An important part of the internal control system is the accounting itself, and as such it is equipped with a number of its own control elements.

These control elements include for example:

  • formal and factual re-examination of correctness of accounting documents,
  • suitably defined competence of employees,
  • regular inventory-taking of assets and liabilities (especially stockpile, assets, cash, liquid valuables)
  • multi-level authorisation of payment orders.

In practice, we often come across these processes being simplified, which may lead to failure of the above-mentioned control elements.

We mainly see the risks of failure of the internal control system in:

  • unsuitably set competences, as a result of which cash or liquid valuables may be alienated,
  • in incorrect, incomplete or inconclusive records of accounting cases due to formal and factual re-examination of the correctness of accounting documents only by the accounting department,
  • in neglecting or formal realisation of asset inventory-taking, which may lead to fraud or ti situations, when items that the company no longer owns continue to be registered among the assets,
  • in an outdated accounting system, the irregular updating of which may cause erroneous accounting according to invalid legislation,
  • in insufficiently set controls, where erroneous entering of data into the system may occur,
  • in misusing payments from bank accounts of the company due to insufficient authorisation of payment orders.

We also see risks in a wide range of areas, which may be adjusted in every accounting entity upon its discretion, in keeping with the valid legislation. These include for example the setting of the account schedule of a company, the depreciation plan, the form of valuation of foreign currency assets and liabilities, creation of reserves and adjusting entries, evaluation of stocktaking differences, the setting of natural shrinkage of stock and others. In our experience, most accounting entities use the option

of adjustment, but in many cases, individual procedures are only set orally. Yet, the written form is required not only by legal regulations, but also because by written form, procedures are standardised and the risks of mistakes and losses from disrespecting the procedure are eliminated or can be detected. The written form ensures the existence of a tool for control in case of departure of employees from the company and the arrival of new ones.

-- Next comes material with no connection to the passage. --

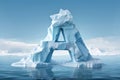 iceberg shape alphabet the shape of an iceberg forms the shape o Royalty Free Stock Photo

Internal corporate guidelines serve the purposes of written form. Their aim is to apply legal regulations by means of corporate rules and procedures to the specific conditions of the respective accounting entity. Active use of the guidelines leads not only to easier orientation of employees in operational activities, but also to readiness of the accounting entity in case of possible internal or external examination (for example by the financial office). As a communication tool, they eliminate potential misunderstandings and ambiguities and help make work more efficient by providing a manual for how to resolve the given situations.

Every company should pay attention to a functioning internal control system and the related creation of internal corporate guidelines, their regular revision and continuous control of compliance with them. Especially in the process of preparation for requirements related to the GDPR, that is the safeguarding of information in the company.